### EXERCISE DATA
=== Begin Enclosure ===

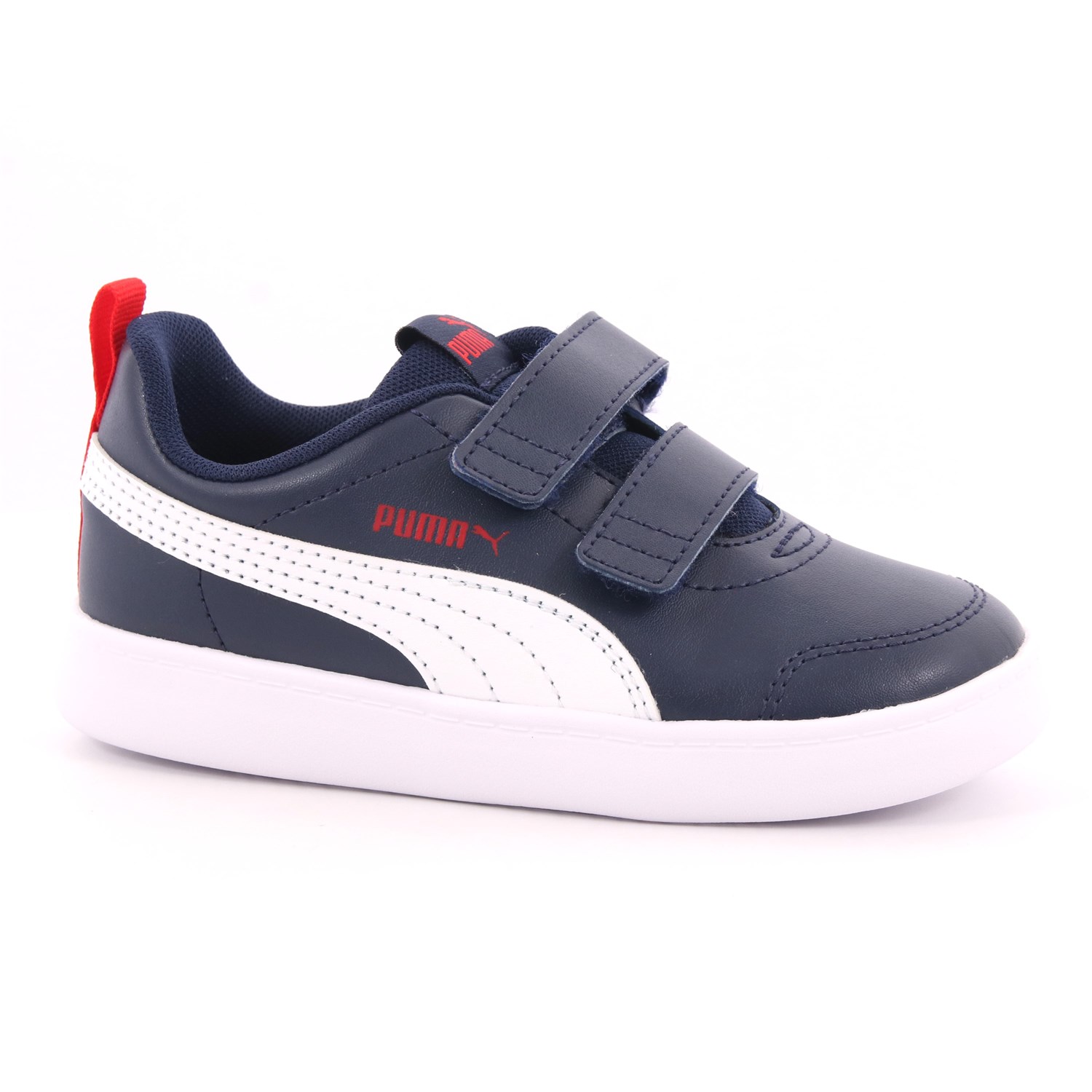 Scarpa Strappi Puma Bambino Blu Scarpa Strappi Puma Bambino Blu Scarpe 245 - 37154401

=== End Enclosure ===
=== Begin Enclosure ===

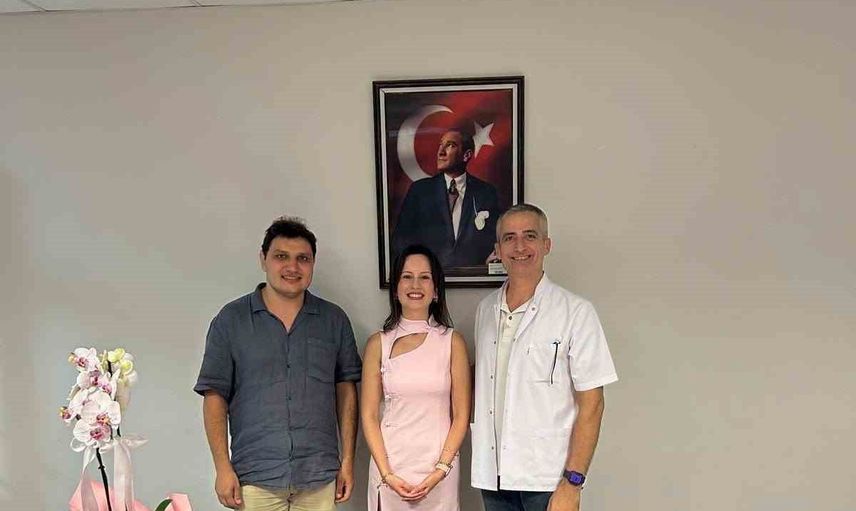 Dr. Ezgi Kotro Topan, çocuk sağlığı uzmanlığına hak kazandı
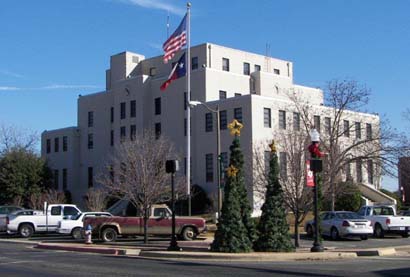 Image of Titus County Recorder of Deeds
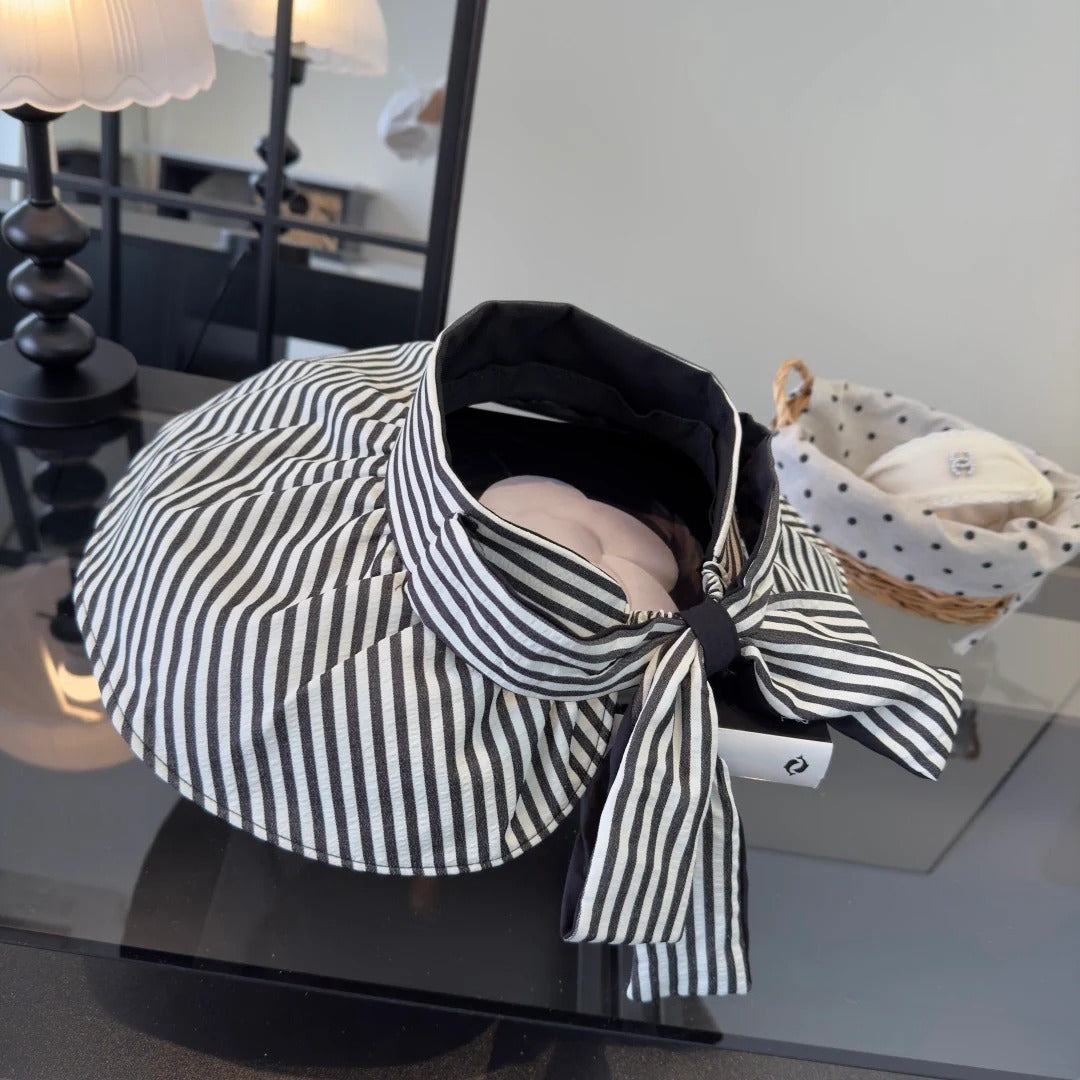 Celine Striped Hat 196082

=== End Enclosure ===
=== Begin Enclosure ===

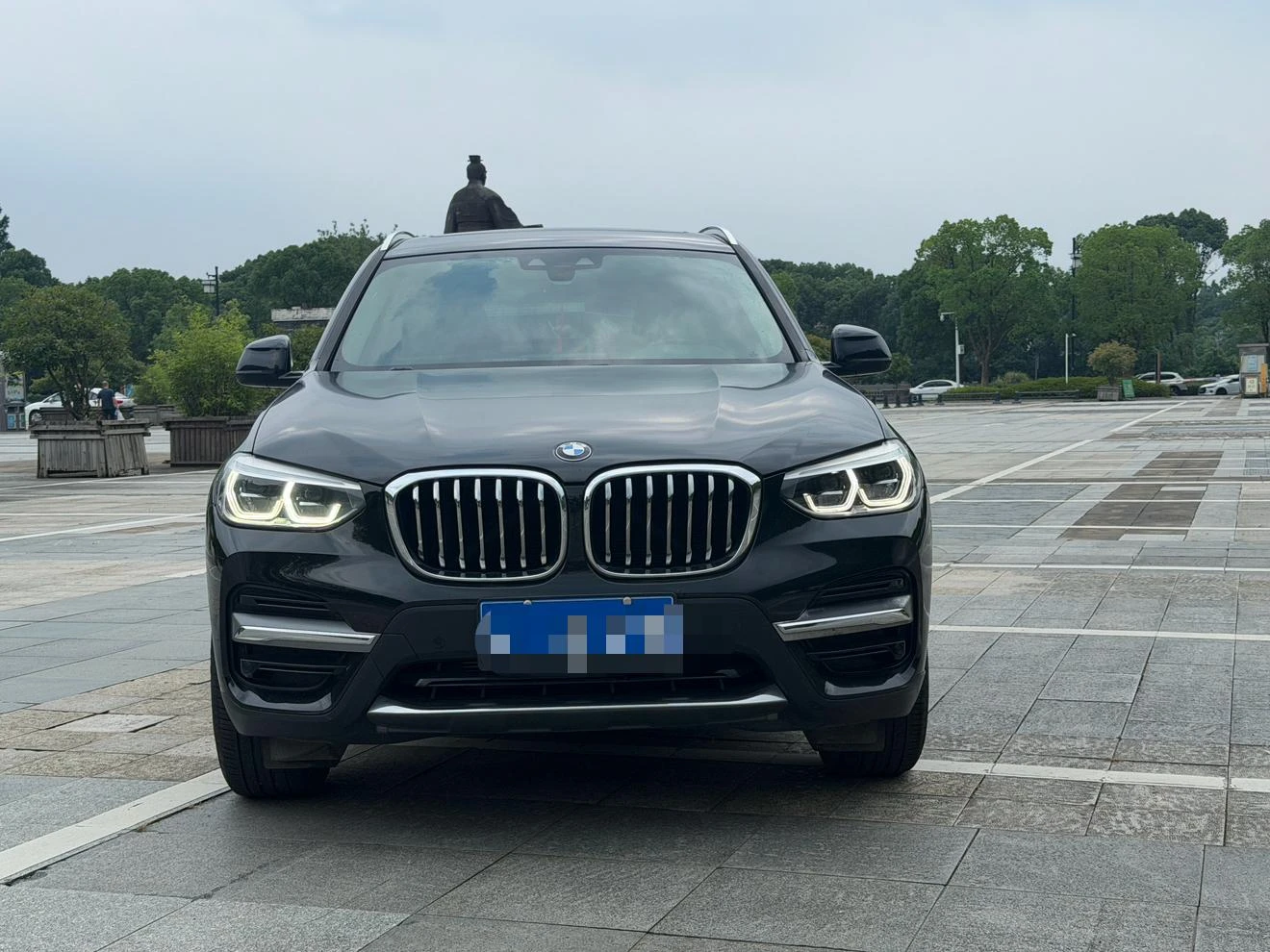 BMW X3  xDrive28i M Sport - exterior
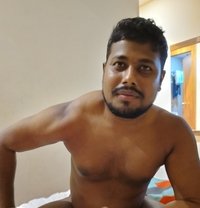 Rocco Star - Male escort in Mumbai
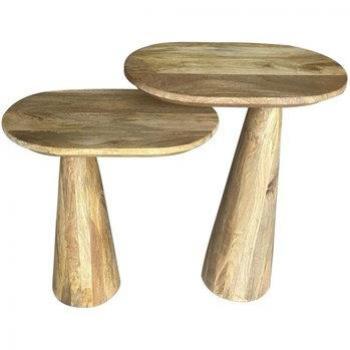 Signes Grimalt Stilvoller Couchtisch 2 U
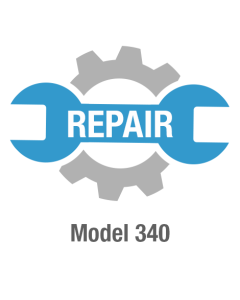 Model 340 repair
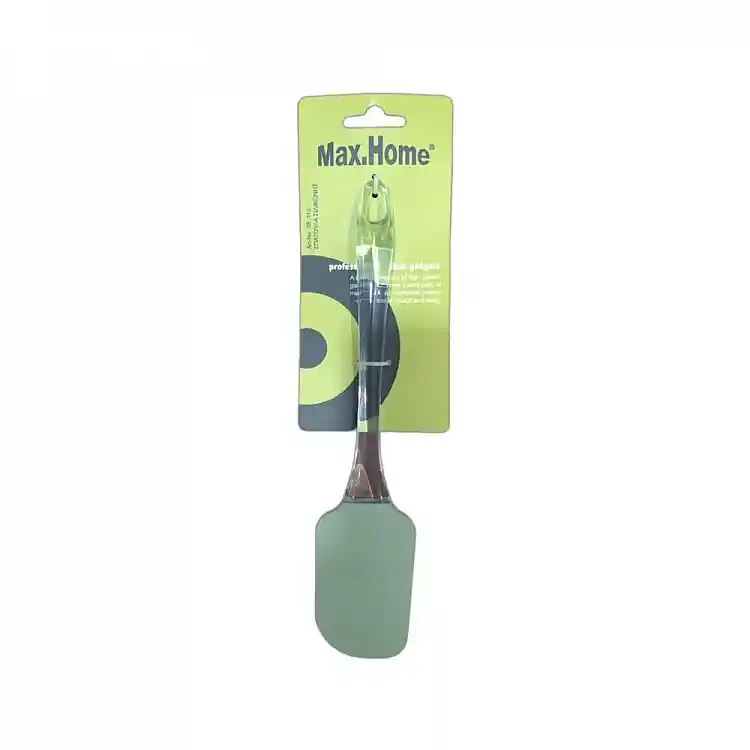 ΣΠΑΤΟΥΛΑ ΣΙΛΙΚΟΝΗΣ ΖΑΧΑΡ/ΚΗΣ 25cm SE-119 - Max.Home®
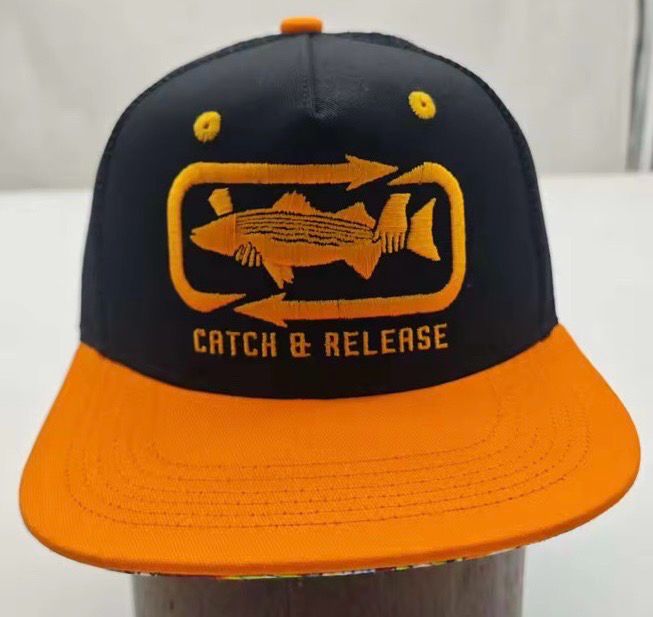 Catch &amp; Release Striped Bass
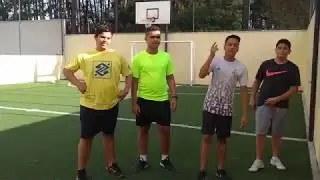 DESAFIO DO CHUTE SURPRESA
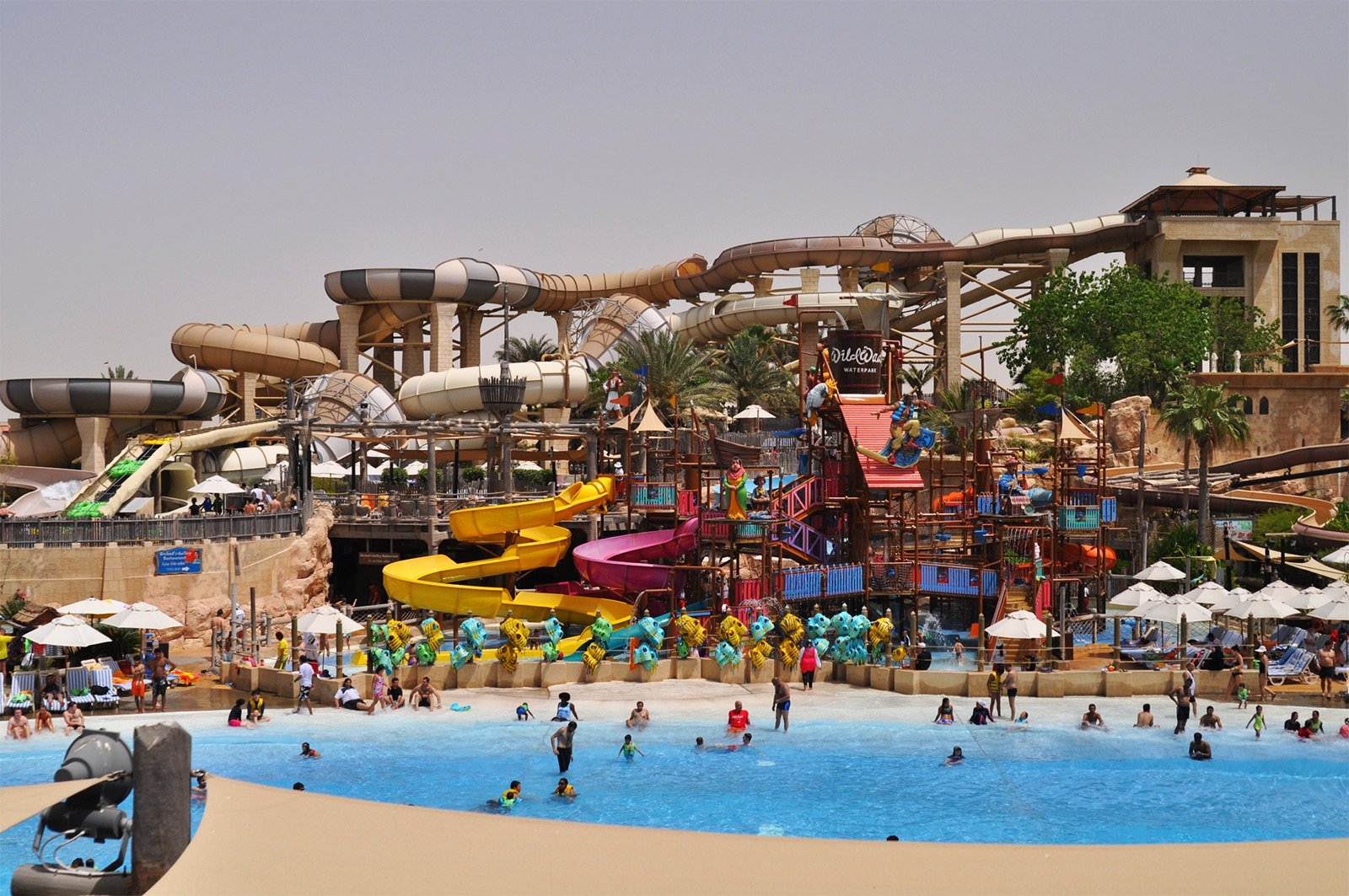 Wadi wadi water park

=== End Enclosure ===

### REQUIRED ACTION
Taking the material above, give again exactly the lines from the one holding "ΣΠΑΤΟΥΛΑ ΣΙΛΙΚΟΝΗΣ ΖΑΧΑΡ/ΚΗΣ" through the one holding "Wadi wadi water park", with both ends and without pictures.

### RESULT
 ΣΠΑΤΟΥΛΑ ΣΙΛΙΚΟΝΗΣ ΖΑΧΑΡ/ΚΗΣ 25cm SE-119 - Max.Home®
 Catch &amp; Release Striped Bass
 DESAFIO DO CHUTE SURPRESA
 Wadi wadi water park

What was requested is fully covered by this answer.